In this we have retrieving data form web pages and perform the following task:
Steps needs to perform:
Retrieving Text from Static Website
Beautiful Soup
Using Newspaper3K to handle text cleanup
Several Web Examples
Processing Local Text File
Basic WordCloud with WordCloud
Readability with Textatistic
Sentiment Analysis with TextBlob
Be able to:
Download text from (some) web pages and prep for text analysis.
Clean up the text with Beautiful Soup, if possible.
Learn to use a library like Article to extract articles from most news sites and blogs including key meta-data.
Practice manipulating speech transcript data from Rev.com.
Perform sentiment analysis and plot sentence level subjectivity and polarity data with matplotlib and plotly express
Wrangling Text from Web-pages is Hard!
Each web-site stores data different so you need to be a sleuth.
Most modern sites no longer store the text as part of the page.
Static web pages are hard to find.
You could spend a semester just on retrieving data from web-pages or other APIs.
Many web-pages have restrictions on what you can retrieve. (See robots.txt before making heavy use of a web-page.)
Most book examples will use a static, locally stored text file as input.
Some newer tools (e.g. Article) can make it "easier" to retrieve properly formatted pages.
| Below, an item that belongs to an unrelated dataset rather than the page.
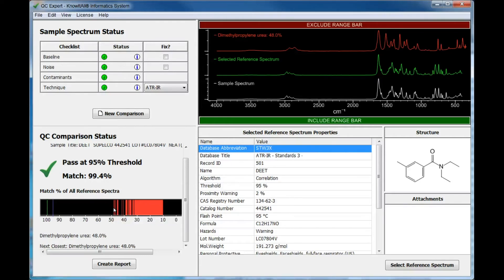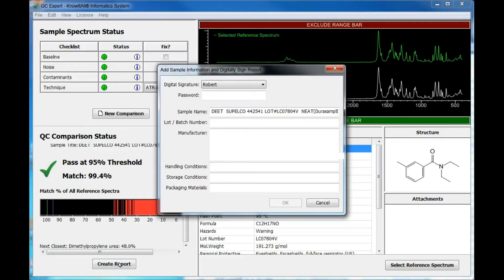Next, click Create Report. You must provide your digital signature and password. If you have not installed the PDF signature certificate on your system, you will be prompted to do so. The sample name appears automatically and other information can be added if you wish.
Install from Command or Terminal Prompt (not Jupyter Notebook)
TextBlob Module
conda install -c conda-forge textblob
ipython -m textblob.download_corpora
Note: Windows users may need to run as administrator
wordcloud Module
*conda install -c conda-forge wordcloud
Install from Command or Terminal Prompt (continued)
Newspaper3k
https://github.com/codelucas/newspaper
Reliable text scraping
pip3 install newspaper3k
TextTastic Module
Not required for our assignments but good for practice and examples
pip install textatistic
Note: Windows users may need to run as administrator*
Some students have reported needing to install VS Code to get Textatistic to work (ymmv)*
Importing All Related Libraries
import requests # import from web
from bs4 import BeautifulSoup # clean up text
from wordcloud import WordCloud # create word clouds
from textblob import TextBlob # basic NLP, install first
from textatistic import Textatistic # readability, install first
from pathlib import Path # for quick import of text file for NLP
import pandas as pd
import seaborn as sns
import matplotlib.pyplot as plt
from plotly import express as px
# Magics
%config InlineBackend.figure_format = 'retina'
%matplotlib inline
Example 1: Extraction Block or Not Allowed
## 403 Forbidden Error, extract blocked / not allowed
url = 'https://www.americanrhetoric.com/speeches/mlkihaveadream.htm'
response = requests.get(url) # retrieve the webpage
response.content # show content from the retrieved page
Example 2: Static, Predominately Text-based Web-Page
## Static web page - JFK speech re: moon
url = 'https://er.jsc.nasa.gov/seh/ricetalk.htm'
response = requests.get(url)
response.content # Notice moderate amount of HTML code
soup = BeautifulSoup(response.content, 'html5lib')
text = soup.get_text(strip=True) # text without tags
text #BeautifulSoup has done a decent job on this page removing HTML
Example 3: Sometimes it is easier to copy and paste to a file
## Somewhat hidden text
url = 'https://www.whitehouse.gov/briefings-statements/remarks-president-trump-2020-united-states-military-academy-west-point-graduation-ceremony/'
response = requests.get(url)
response.content # UGLY! significant amount of code -- Where's the text??
## Soup doesn't help much in this case
soup = BeautifulSoup(response.content, 'html5lib')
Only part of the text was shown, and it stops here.